An individual hiding their cryptocurrency assets from their spouse is becoming increasingly common. CNBC reported that one woman was shocked to learn that her husband was hiding bitcoin worth about $500,000 during their divorce. This is not an isolated case, and many financial advisors and divorce attorneys are faced with a similar scenario.
The forensic accountant divulged that her then-husband had very few assets that could be split in the divorce. However, after months of investigation, she discovered an undisclosed crypto wallet held by her husband containing 12 bitcoins, presently worth just over $324,000. She told CNBC that the discovery was a “shock,” but her story appears to be a part of a growing trend.
The exceptional volatility of cryptocurrencies is also contributing to the complexity of divorces, causing delays in the resolution of divorce cases. Even when couples are open about their investments, the highly volatile nature of cryptocurrencies can complicate proceedings because of how quickly its value can change.

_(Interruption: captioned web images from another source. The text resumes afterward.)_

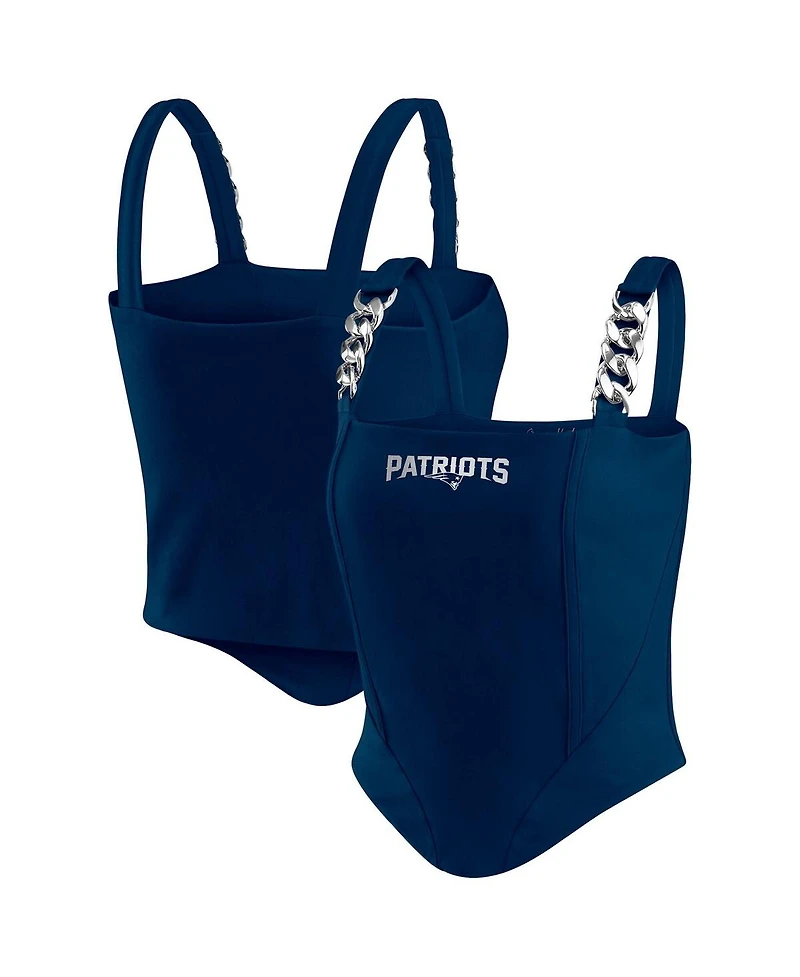 Wear by Erin Andrews Women's Navy New England Patriots Chain Link Corset Top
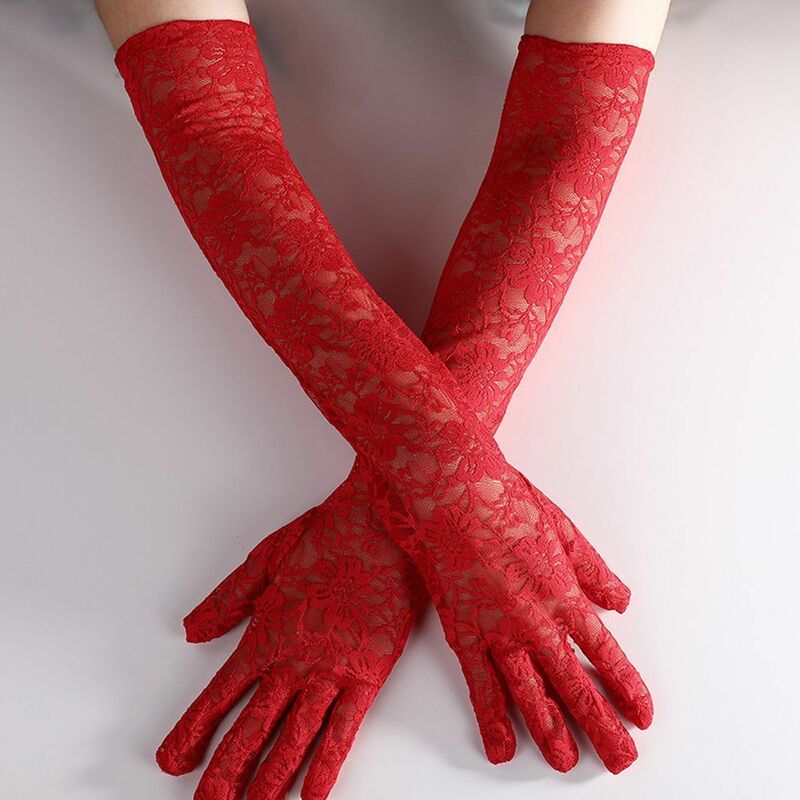ถุงมือลูกไม้สำหรับผู้หญิงถุงมืออุ่นแขนยาวกันยูวีลายดอกไม้สำหรับงานแต่งงานย้อนยุคครีมกันแดด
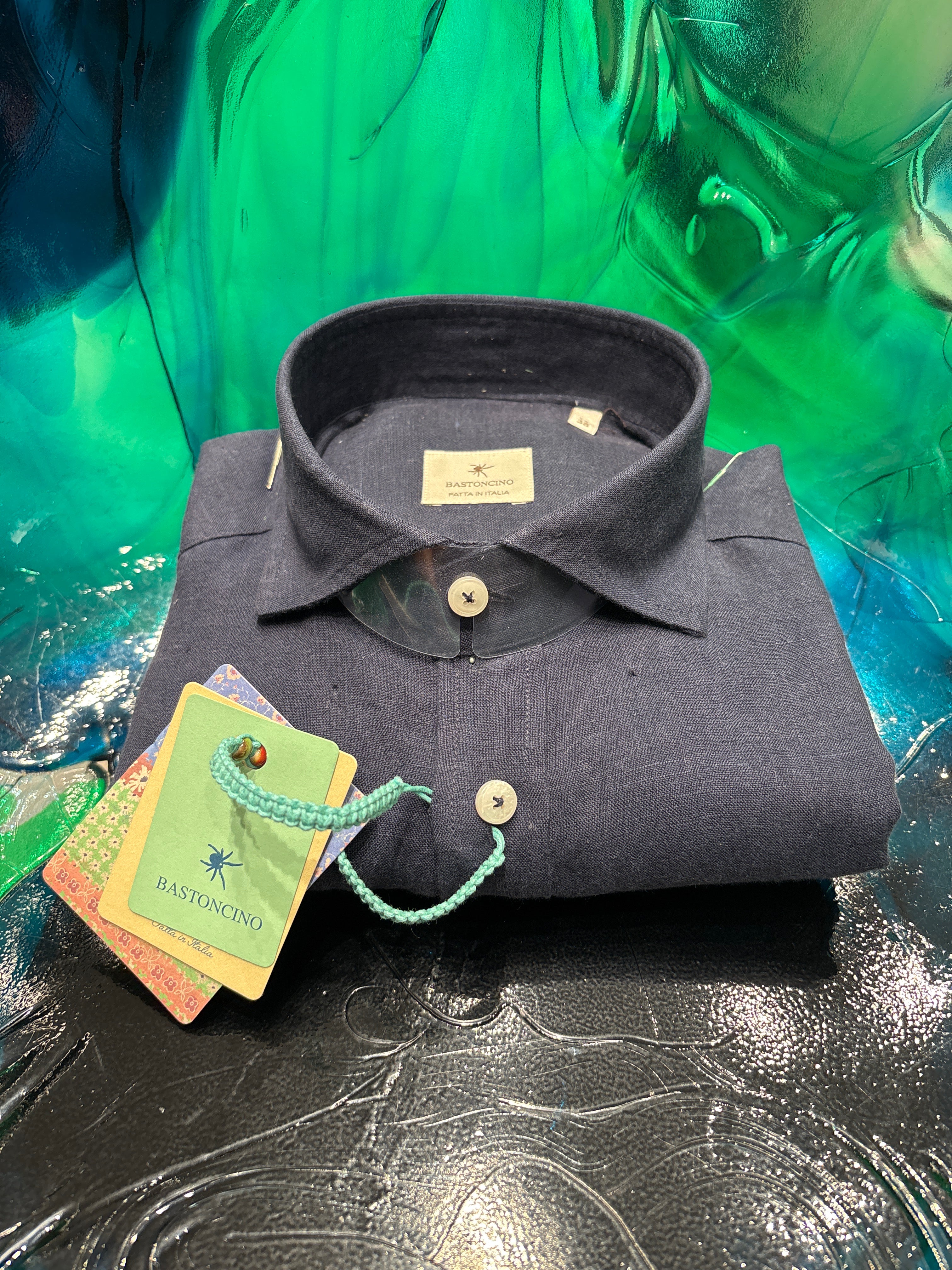 BASTONCINO CAMICIA IN LINO BLU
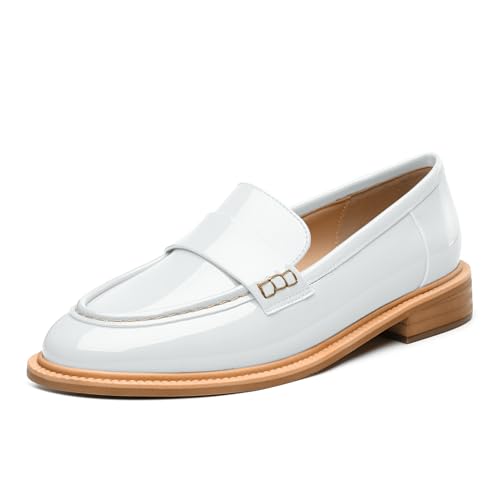 Image of JUSTDANNI Loafers for Women Slip On Shoes with Round Toe 1.2-Inch Low Chunky Block Heel Patent Comfortable Casual Dress Pump Shoes for Wedding Party Work Shopping Dating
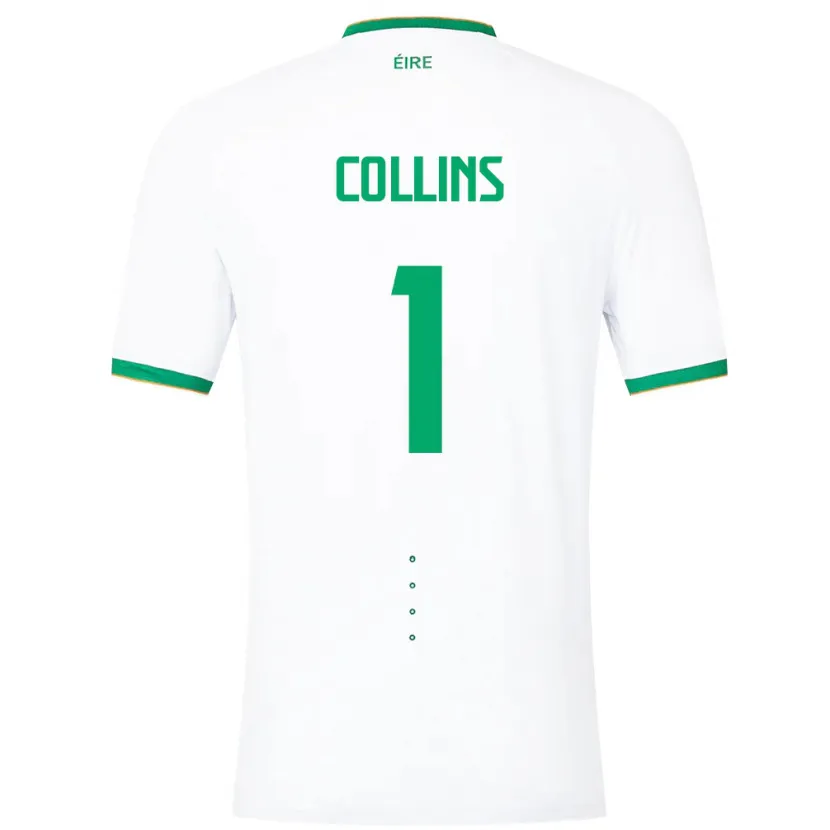 Danxen Barn Irland Joe Collins #1 Hvit Bortetrøye Drakt Trøye 24-26 Skjorter T-Skjorte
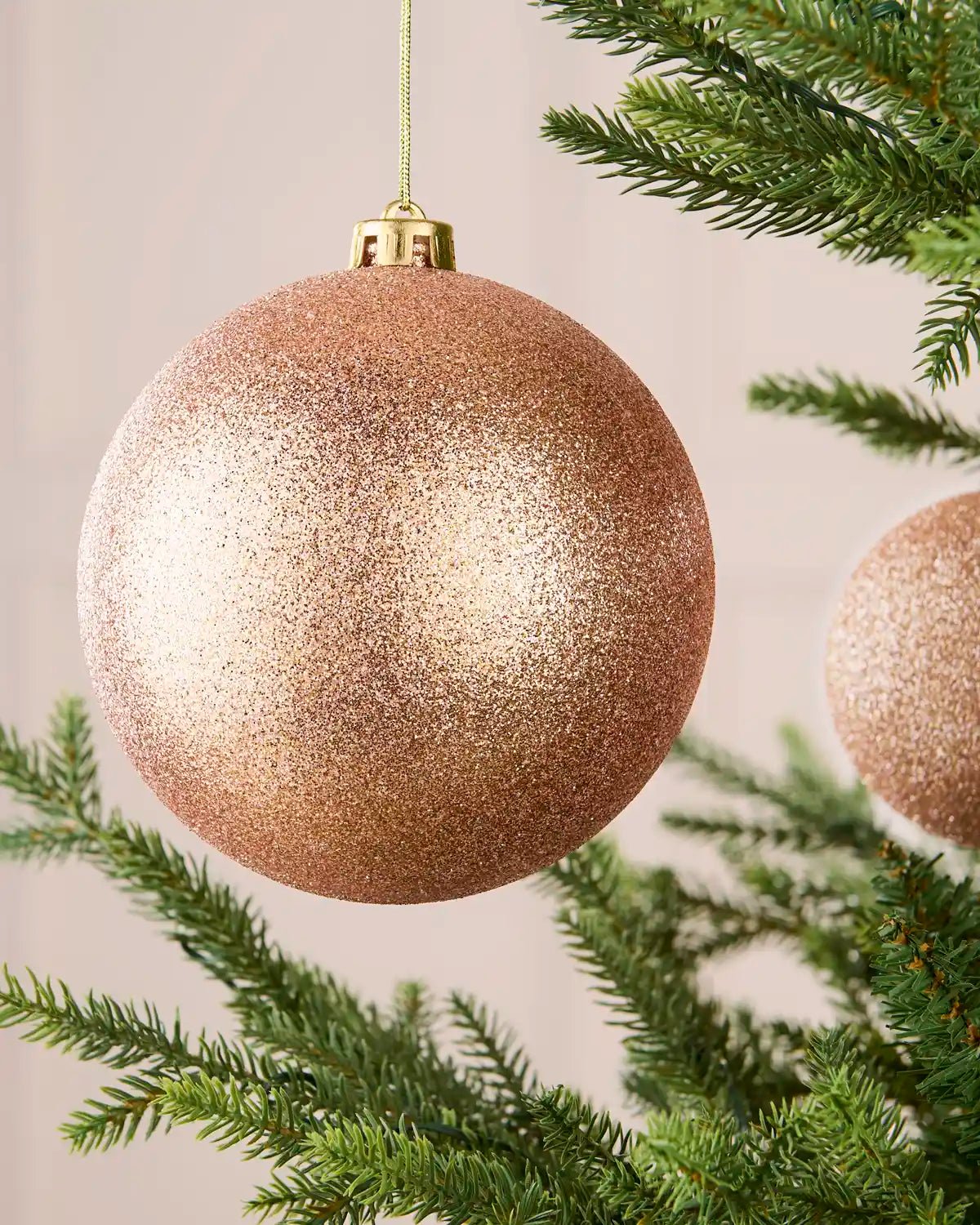 Rose Gold Oversized Shatterproof Bauble, Glitter, 15 cm — 15 cm / Glitter - Image 3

Furthermore, when a spouse tries to hide their cryptocurrency holdings, it becomes even more challenging to track them. Divorce attorneys in Texas have emphasized how difficult it can be to find information related to somebody’s cryptocurrency holdings. This is because cryptocurrency is not regulated by any centralized bank, making it difficult to subpoena somebody and get documents related to their crypto holdings.
In some complicated cases, investigators revealed that one spouse was transferring their cryptocurrency across various coins on multiple blockchains to keep it hidden from their partner. This method makes it even more challenging to track, in turn, prolonging the divorce proceedings.
In conclusion, cryptocurrency is becoming an increasingly complex issue in divorces. From hiding assets from a spouse to transferring cryptocurrency across various coins, these scenarios are now prevalent in divorce cases. Financial advisors and divorce attorneys are also finding it challenging to keep up with the volatile nature of cryptocurrency, causing delays in the resolution of the divorce cases. As cryptocurrency continues to become a popular investment in recent years, it is expected that the confusion and complexity surrounding it would continue to grow, creating more conflict in divorce cases.
Watch the full report from CNBC here.